So, in today’s world, where does gold figure in the middle of all this? Let’s step back a little and look at the history of gold, and interesting one.
For centuries, for millennia, gold has stood for money in some way or the other. It has been the primary means of denoting value. We are here not talking about other commodities that have been used as money, such as animals, tobacco, or cowrie shells. Interestingly, as a sidelight, the word ‘pecuniary’, which relates to money, comes from the root ‘pashu’, meaning animal or cow.
The gold standard had been in currency in some form till a few decades ago. Initially, currency in the form of coins were issued in gold, silver or copper, with the value of the coin denoting the metal and the amount in the coin. Later, the gold standard came to be associated with paper money. In this case, people, rather than store their gold at home, deposited it with institutions, and were issued with currency notes. These currency notes were essentially promissory notes, with the issuer of the notes promising to pay the holder the equivalent amount in the form of money, or gold. In the case of central banks like the Reserve Bank of India, when it releases currency notes, the idea is that it is issuing these “promissory notes” against its stock of gold. When a central bank issues more notes than the value of gold it holds, this results in inflation, with the value of the currency note going down to the level where the total value of the circulating paper money equals the value of the gold the bank holds. Today, the gold standard is perhaps remembered by its absence.
Let us look at where gold might stand as an investment now. Even though people don’t look at gold actively as a means of investment, they still continue to buy the metal in the form of jewellery. This is true especially of India. This however, is not investing in the true sense because there is loss of value right through the process of acquiring or later selling this gold in the form of jewellery. Gold as investment would apply more to raw forms of the metal, in the form of coins, biscuits, or ingots.
In a stable and active economy, gold is going to appear somewhat comatose. But it also moves inversely to other more volatile avenues of investment. In that way, gold acts as a hedge. Whenever there is uncertainty people tend to flock to gold. So, when the stock market shows unsteady movement or when it falls, gold prices tend to move up. Similarly, when currency loses its value through inflation, gold firms up. In a scenario where currency devaluation is continuous and not an aberration, like it happened at different times in Brazil, Russia or Greece, gold becomes a way to maintain the value of one’s assets.
Gold also has sentimental value, similar to real estate. In the traditional world, people tend not to easily sell their gold, unlike, say, stocks or mutual funds, or closing their fixed deposits. They would rather pledge it and wait for the time when they can redeem it. In a weird way, this also helps people get through bad times – they will wait for things to go real bad before they part with their gold, meaning also that a holding in gold can help change people’s fiscal behaviour for the better!!

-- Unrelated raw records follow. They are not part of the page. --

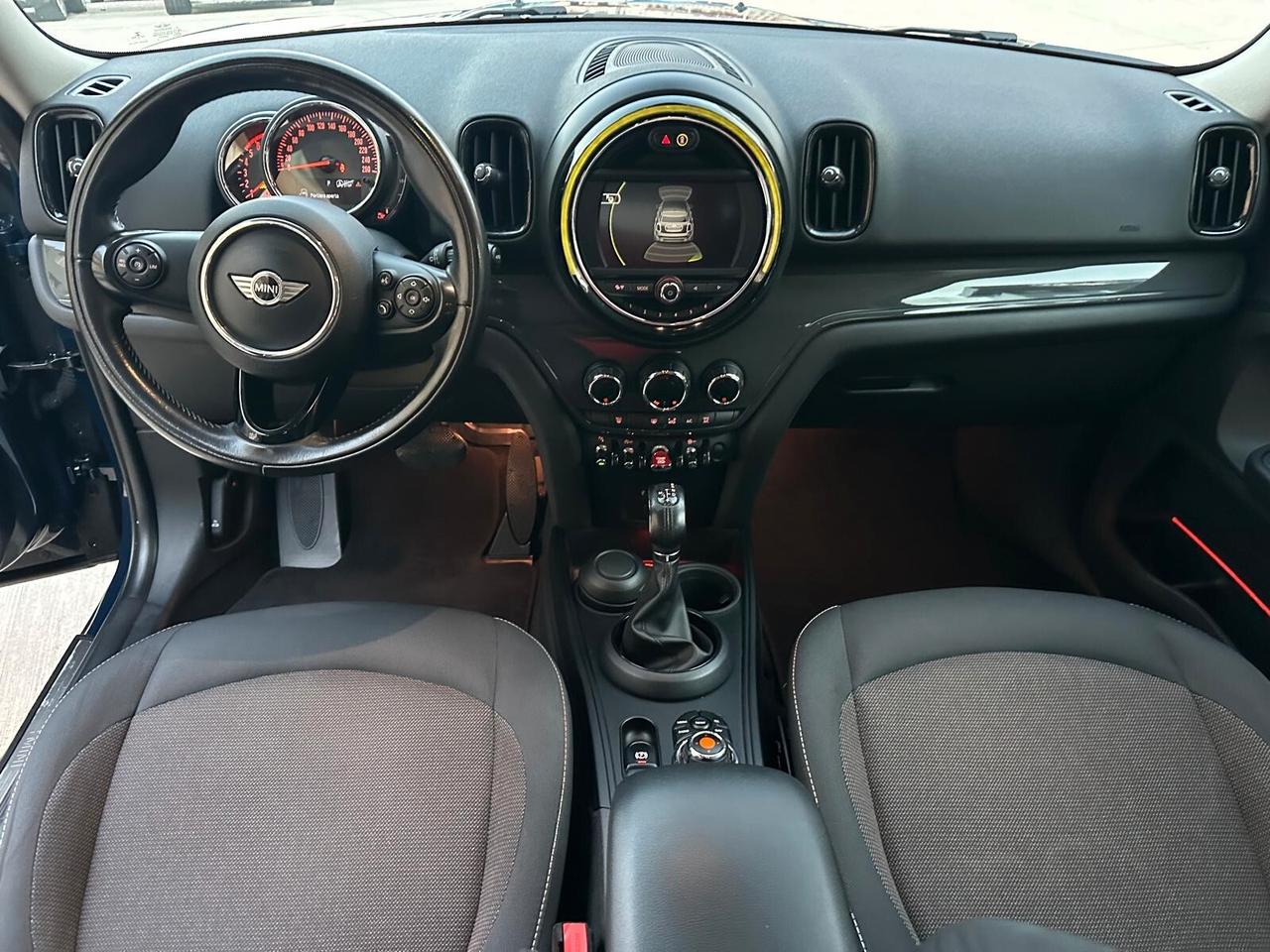 Mini Cooper D Countryman 2.0 Hype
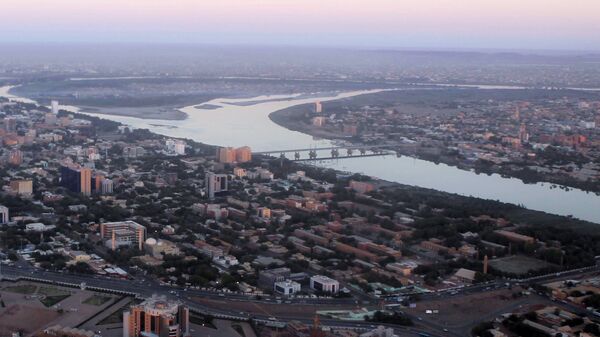 An aerial view shows the Nile river cutting through the Sudanese capital Khartoum - Sputnik Moldova-România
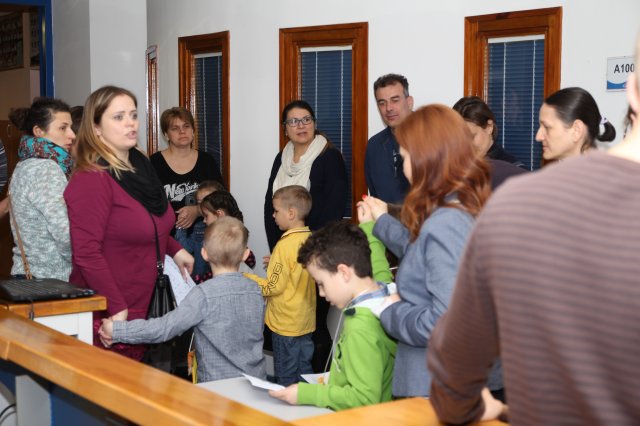 Iskolába hívogató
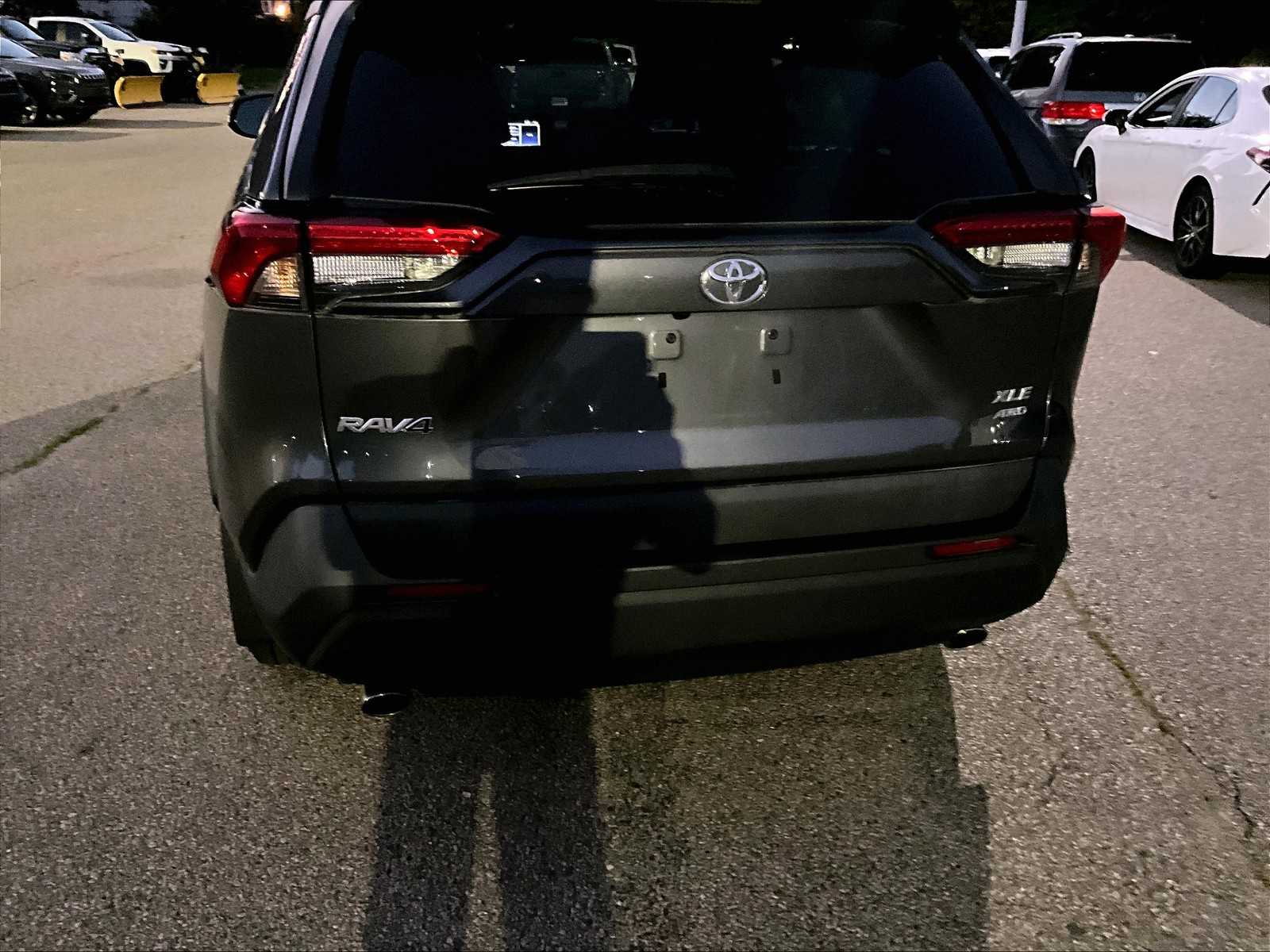 2021 Toyota RAV4 XLE photo 6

In today’s scenario, however, among the younger generation, this sentimental approach is seen increasingly less.
There is a wide range of views regarding adding gold to one’s investment portfolio. There is a point of view that gold is not a meaningful investment, as Warren Buffett stated quite categorically about 10 years ago. If you are anyway going to look at long term investment, according to him and also going by statistics, stocks will give better returns. For the short to medium term, equity mutual funds do provide better returns in a strong economy. Over the past couple of decades, in the age of equity and mutual funds, gold has given slightly lesser returns than market related instruments.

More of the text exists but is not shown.